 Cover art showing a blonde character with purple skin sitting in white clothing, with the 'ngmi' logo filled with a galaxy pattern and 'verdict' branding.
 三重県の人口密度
========================================================================
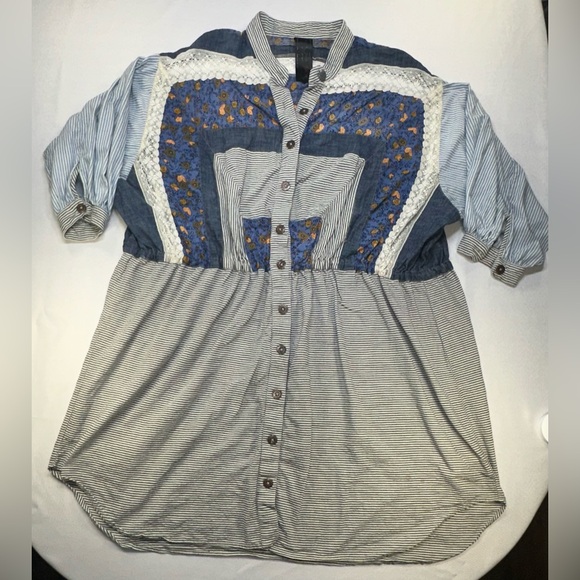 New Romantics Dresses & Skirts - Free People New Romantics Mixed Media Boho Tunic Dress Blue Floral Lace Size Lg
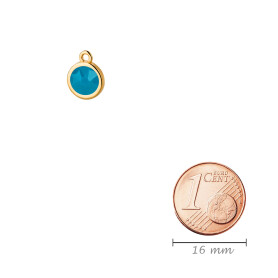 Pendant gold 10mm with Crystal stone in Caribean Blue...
========================================================================
Work item
From the records above, extract the lines from the one holding "New Romantics Dresses" through the one holding "Pendant gold 10mm", word for word; omit the pictures.

Answer space
 New Romantics Dresses & Skirts - Free People New Romantics Mixed Media Boho Tunic Dress Blue Floral Lace Size Lg
 Pendant gold 10mm with Crystal stone in Caribean Blue...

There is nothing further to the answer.